EEAT stands for Experience, Expertise, Authoritativeness, and Trustworthiness. It is the framework Google uses in its Search Quality Rater Guidelines to evaluate the quality and credibility of web content and the people or organizations behind it. Originally EAT (without the first E for Experience), Google added "Experience" in December 2022 to reflect the value of first-hand, real-world experience in content creation.
Breaking Down the Four Components
Each element of EEAT addresses a distinct quality dimension:
- Experience: Does the content creator have first-hand or life experience with the topic? A product review written by someone who has actually used the product demonstrates experience that a generic overview cannot.
- Expertise: Does the content creator have the knowledge or skill required for the topic? Medical content should be written by medical professionals; legal content by lawyers or legal experts.
- Authoritativeness: Is the website or author recognized as a go-to source for this topic?
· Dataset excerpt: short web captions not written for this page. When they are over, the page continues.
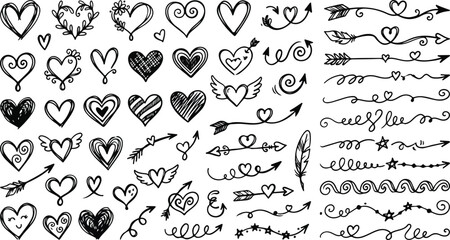 Fototapeta premium Sweet love hearts decorative arrow symbols and line dividers set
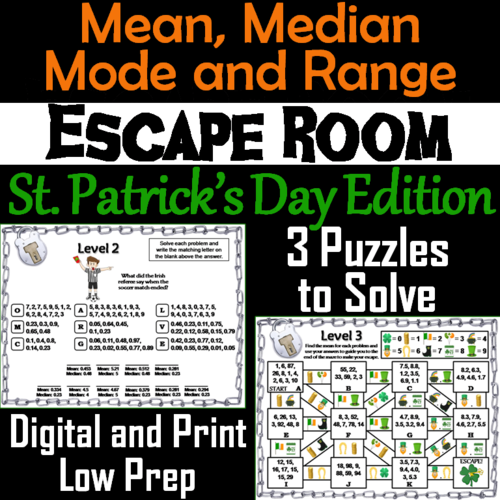 Mean, Median, Mode, and Range Activity: Escape Room St. Patrick's Day Math Game
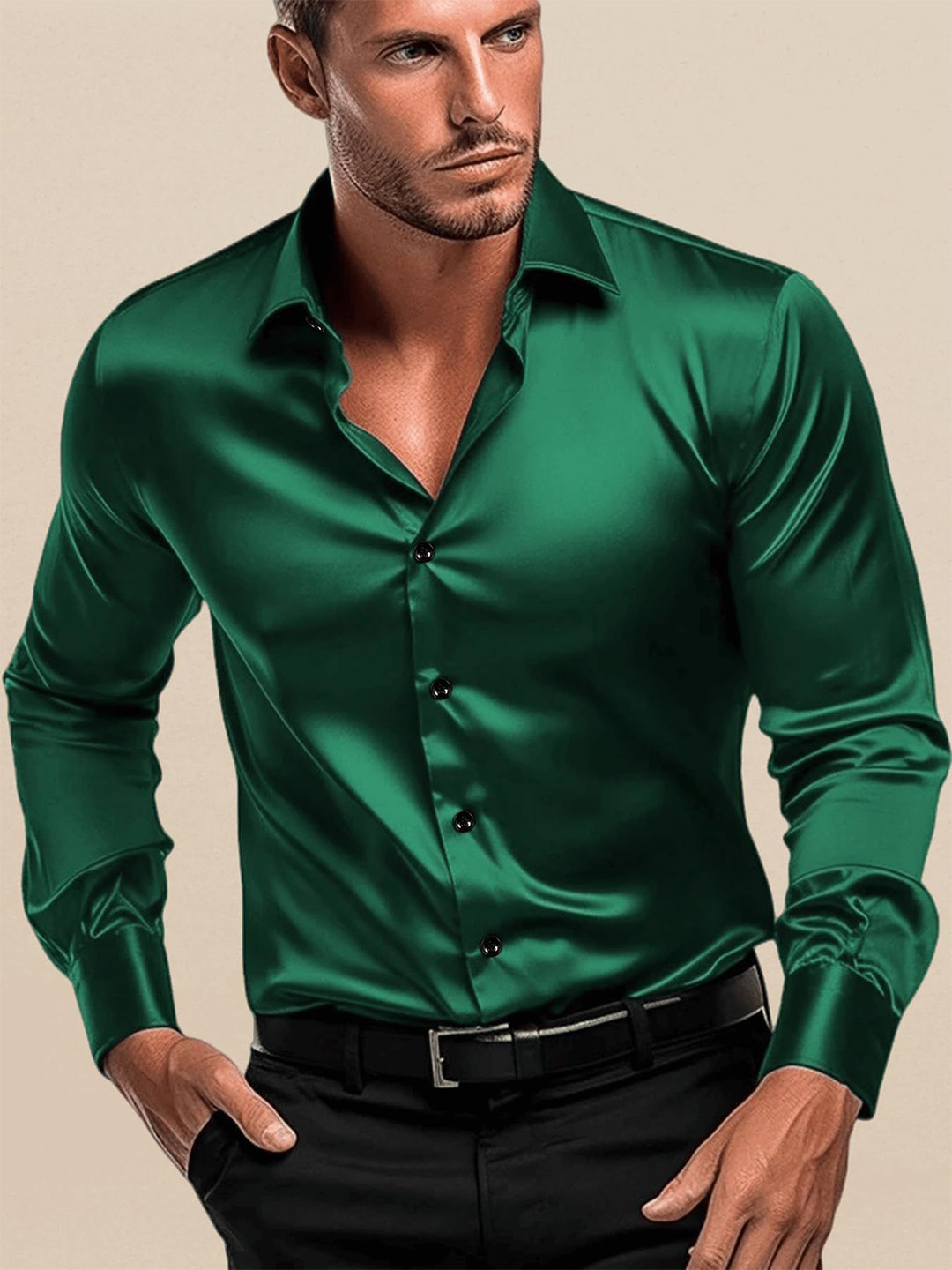 INDOPRIMO Men Solid Spread Collar Satin Formal Shirt
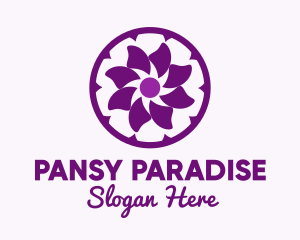 Purple Flower Sun logo design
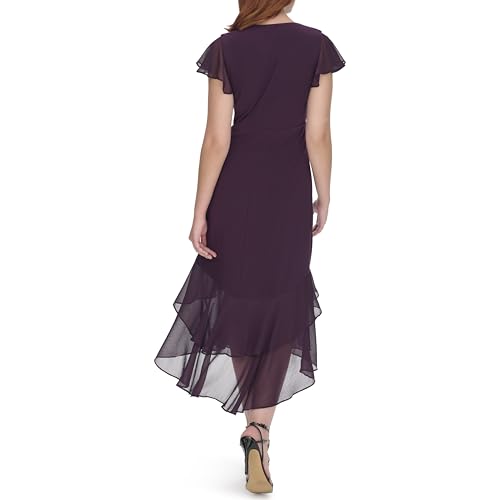 Image of Tommy Hilfiger Women's Flutter Sleeve V-Neck Ruffle Trim Hi-Lo Midi Dress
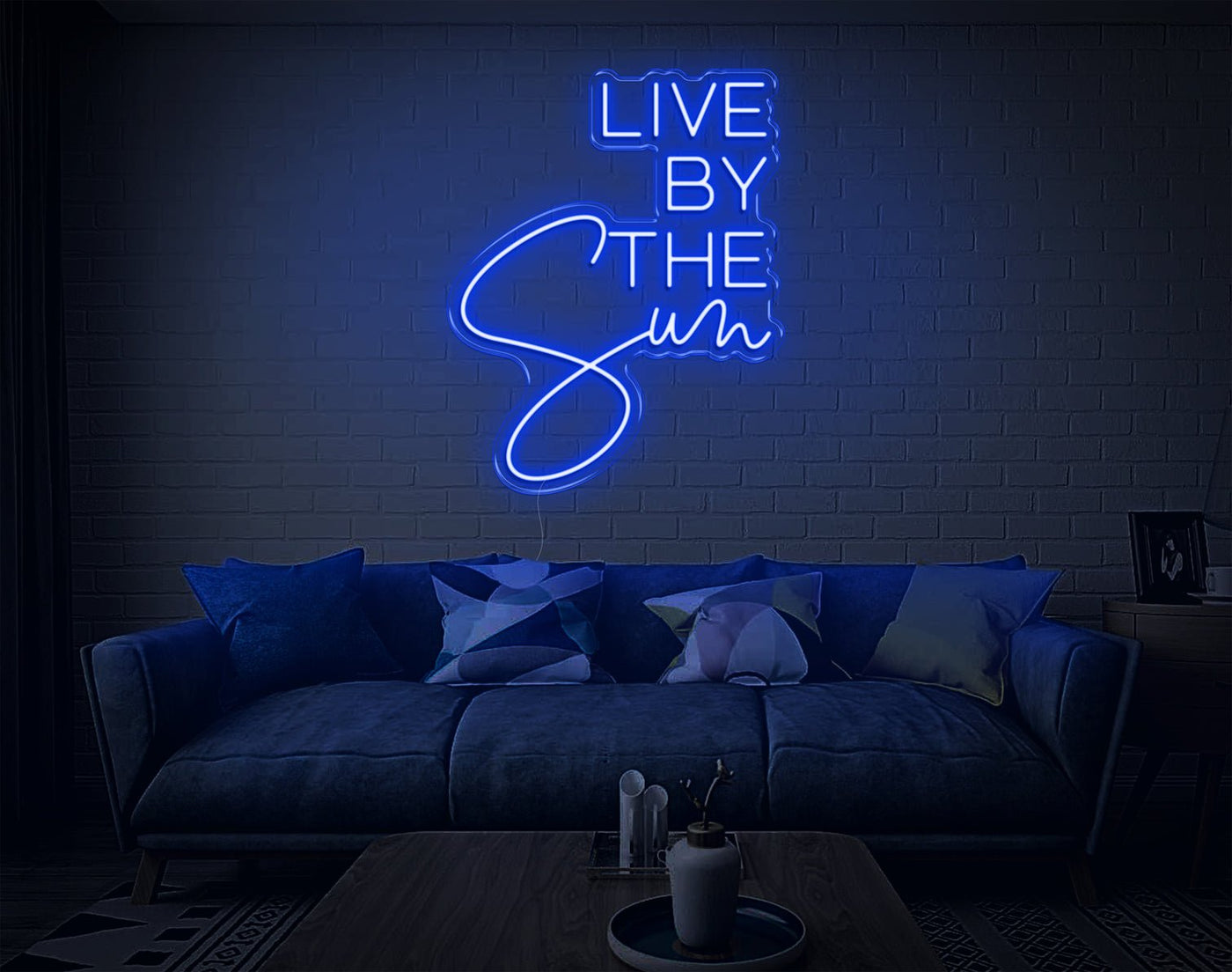 Live By The Sun LED Neon Sign - 26inch x 20inchBlue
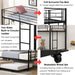 Over Twin Bunk Bed Frame with Trundle,Metal Bunkbed with Sturdy Guard Rail and 2 sideLadders for Kids/Adults,Can be Divided Into Two Beds, No Box Spring Needed, Noise Free for Dorm,Black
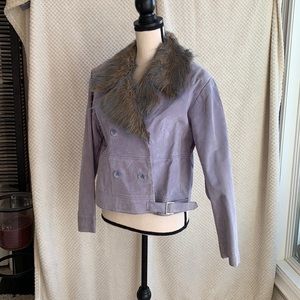 Outbrook blue suede double breasted jacket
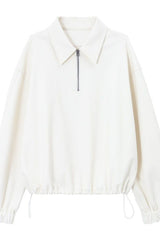 Lapel Loose Dropped Shoulder Sweatshirt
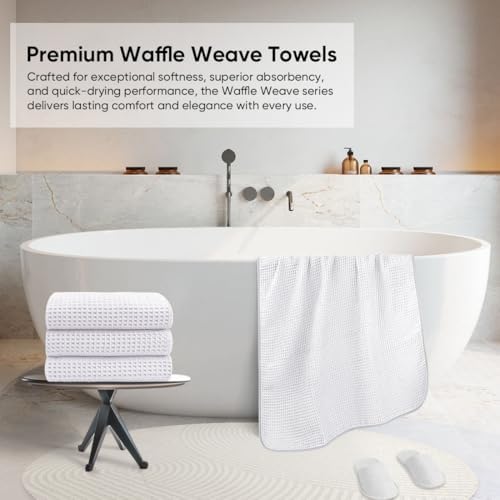 HOMEXCEL Waffle Bath Towels 2 Pack Ultra Soft Quick Dry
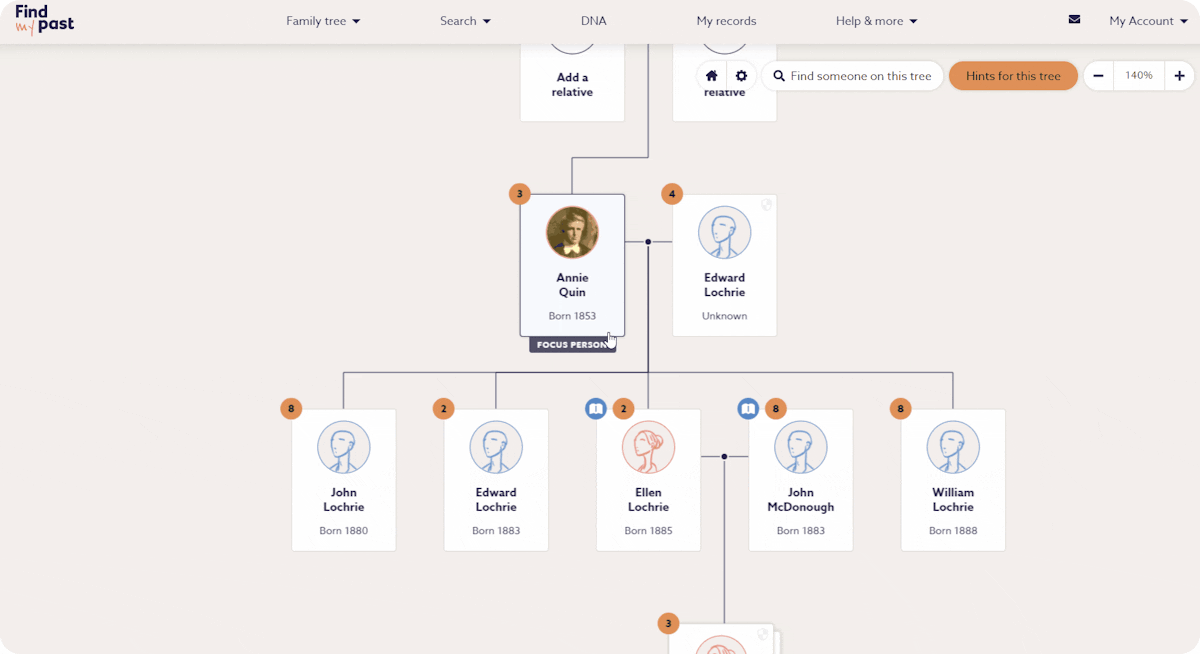 Viewing a timeline on Findmypast's family tree builder.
Authoritativeness is built through citations, backlinks, brand mentions, and recognition from other authoritative sources in the field.
- Trustworthiness: The most important component. Is the content accurate, honest, and transparent? Does the site use HTTPS, have clear authorship, and provide contact information? Trust encompasses all other elements.
How EEAT Affects Search Rankings
EEAT is not a direct algorithmic ranking signal in the traditional sense. Rather, it is a framework used by Google's human Quality Raters to assess search quality, and Google uses their ratings to refine its algorithms over time. Pages and sites that demonstrate strong EEAT signals — through authorship information, credentials, citations, accurate content, and trust signals — tend to perform better in rankings, particularly after algorithm updates that target low-quality content.
How to Improve EEAT Signals
Building EEAT is a long-term strategy requiring consistent effort across multiple dimensions:
- Display clear author bylines with credentials and biographical information
- Have content reviewed and fact-checked by subject matter experts
- Build authoritative backlinks from trusted websites in your industry
- Earn and showcase positive press coverage and brand mentions
- Maintain accurate, up-to-date content with clear sourcing
- Ensure technical trust signals: HTTPS, clear privacy policy, contact information
Why It Matters for SEO
EEAT has become increasingly central to SEO strategy as Google's algorithms have grown more sophisticated at distinguishing genuine authority from manufactured signals. Sites that have invested in EEAT — building real expertise, earning genuine recognition, and publishing trustworthy content — tend to weather algorithm updates better than those relying purely on technical or link manipulation tactics. In the AI era, EEAT signals are also crucial for being cited by AI systems as a trusted source.